Stephen Olin Dows (August 14, 1904 - June 6, 1981) was a United States Army artist who served in the European Theater of Operations during World War II.

==Early life==
Dows was born in 1904, at Irvington-on-Hudson, New York. He was the only son of Tracy "Pup" Dows and Alice Olin Dows, a socialite and poet. He had two younger sisters, Margaret "Bargy" Dows (who married Swedish diplomat Knut Richard Thyberg) and Deborah Dows (who married, and divorced, Harvard lawyer John Lancaster Burling, son of Edward B. Burling).

His maternal grandparents were Stephen Henry Olin, the acting President of Wesleyan University, and Alice Wadsworth "Elsie" ( Barlow) Olin. His maternal aunt was author and Baháʼí Julia Lynch Olin (who married former Lieutenant Governor of New York, Lewis Stuyvesant Chanler).
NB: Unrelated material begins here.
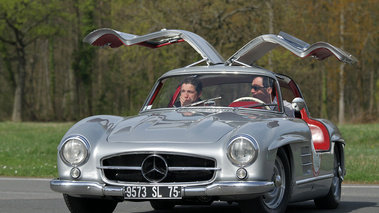 Mercedes 300 SL gris 3/4 avant gauche portes ouvertes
He was educated and trained at Harvard's Department of Fine Arts, and Yale's Student's League (New York). He studied under Eugene F. Savage, Edward C. Taylor, and C.K. Chatterton.

==Career==
In the course of his career Dows assisted in establishing the Treasury Department's Public Works of Art Project in 1933. He was assistant director of the Treasury Section of Fine Arts, in charge of states east of the Mississippi, and then the director of Treasury of Relief Art Projects. He was commissioned by the Section of Fine Arts of the Treasury Department to write a book on "Mural Designs". In 1941 he was again commissioned by the Section to paint a post office mural, Professions and Industries of Hyde Park, in Hyde Park, New York. He also often worked for the Office of Civilian Defense in Washington DC in charge of a project to have artist depict the various phases of work in defense plants. His eight selectees turned in 73 pictures which were shown in a Soldiers of Production exhibition at the National Gallery, Washington, D.C.

===Army===
Olin Dows enlisted in the U.S. Army in June 1942. Stationed at Fort Meade, MD, waiting to be sent to Officers training school, Dows gave up this opportunity to go instead to the European Theater of Operations as a war artist. He was appointed head of a group of three artists to cover the ETO. He remained in England for a year, attached to the Historical Section of the ETO. A month after his arrival in England, Congress denied the necessary appropriations and the art program was officially canceled. He was instead given photography missions, but nevertheless kept up with his painting. In England he was attached to the 166th Signal Photo Unit and went with them to Normandy late in June 1944. He covered the 35th Division after D-Day and was with them from June to September 1944. Dows saw action at Bastogne, Metz, and was with the Third Army in the final drive across Germany. He was present at the junction of American and Soviet Forces and depicted this meeting in several of his paintings.

===Works===
The collection of his works includes sketches of his fellow soldiers from basic training at Fort Belvoir, VA; from his trip to Great Britain, many drawings, mainly in color, of scenes of debarkation and of the life of the soldiers on the transport. These were followed by a third series of "on the spot" as well as more fully developed drawings of American soldiers training in Great Britain. He helped to organize exhibitions of the work of American artists in England. He was discharged from the Army in August 1945.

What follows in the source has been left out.